Hacker News

Self hosting a web search engine is probably quite a feat

It's actually not that hard now, once you get useful content. When I worked on Search (~2009ish), the primary index was called 4BBase, because it was the top 4 billion webpages (actually more like 5.5B during my time, but it had been around for a few years). A typical webpage is about 100K, and HTML compresses at 80-90% compression rates, so you're looking at 10-20K/page. The index would take about 50-100 TB.

Even after the recent AI run-up, disk prices are about $20/TB for a 20TB, so you can store this index on 3-5 hard disks that will cost you about $1200-2000. For self-hosted use you don't need to serve them in 50ms, so you don't need to put the whole thing in RAM like Google did, you can serve off of disk.

ElasticSearch uses basically the same data structures and gives you the same infrastructure that Google's ~late-00s search stack did, and is actually more advanced in some respects (like ad-hoc queries, debuggability, and updateability), so software isn't much of an issue.

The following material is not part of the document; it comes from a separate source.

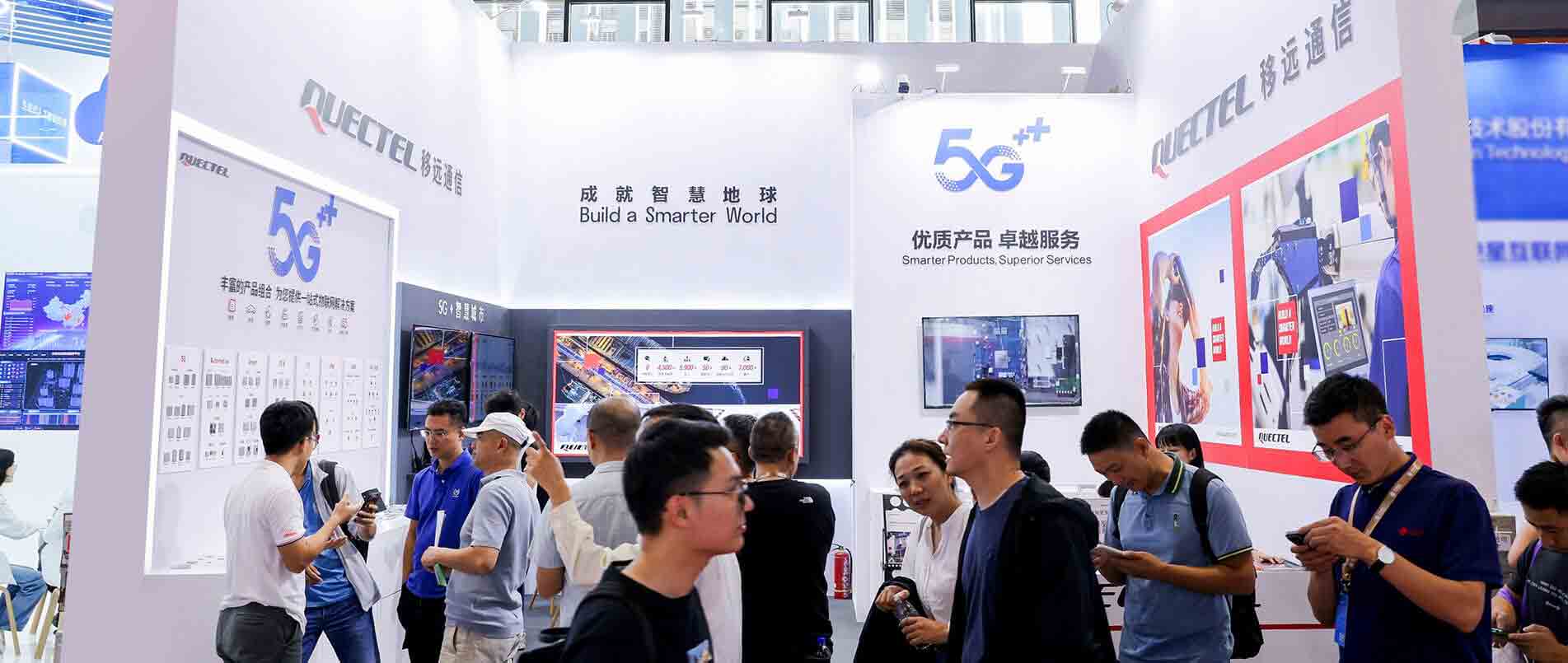 携多项创新成果燃爆全。匾辉硕料嗳蚝献骰锇榇蠡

The big part missing that can't really be replicated today is the huge web of authentic hyperlinks. The reason Google was so good at search was because many humans effectively "tagged" a given webpage with a series of short, descriptive words and phrases. When they went to search for a page, Google could mine this huge treasure trove of backlinks to identify exactly what the page was good for, even if those search terms never appeared on the page. SEO and link farms kinda killed this, as did the rise of social media walled gardens, and so the Google of 2009 basically wouldn't work today anyway. Maybe if you pulled old versions of Common Crawl or archive.org you could reconstruct it, but the relevant pages are often offline anyway today.

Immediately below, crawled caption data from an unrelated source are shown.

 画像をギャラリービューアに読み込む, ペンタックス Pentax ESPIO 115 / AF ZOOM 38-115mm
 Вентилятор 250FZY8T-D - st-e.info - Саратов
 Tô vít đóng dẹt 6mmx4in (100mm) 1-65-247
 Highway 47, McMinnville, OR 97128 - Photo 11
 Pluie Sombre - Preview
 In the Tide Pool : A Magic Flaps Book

opengrass 6 hours ago [ - ]

If an ex Googler compares Elastic Search to the old company then it mustbe something good.

BrunoBernardino 10 hours ago [ - ]

You can self-host Marginalia [1] or Hister [2], for example. Takes up some space, but it's totally doable. Your biggest problem (assuming you have disk space) will be crawling.

[1] : https://github.com/MarginaliaSearch/MarginaliaSearch

[2] : https://github.com/asciimoo/hister

marginalia_nu 9 hours ago [ - ]

Emphasis on "doable".

At least if we're speaking a more generalist web search it requires dedicated hardware, that's pretty costly. Marginalia's production server cost about $20k back when RAM and SSDs were cheap. It used to run on $5k of PC hardware before, but that was very limiting.

So no data center, but at the same time, not everyone has that sort of cash to throw around.

hootz 11 hours ago [ - ]

I believe it is a thing. Saw it somewhere, like a peer to peer search engine.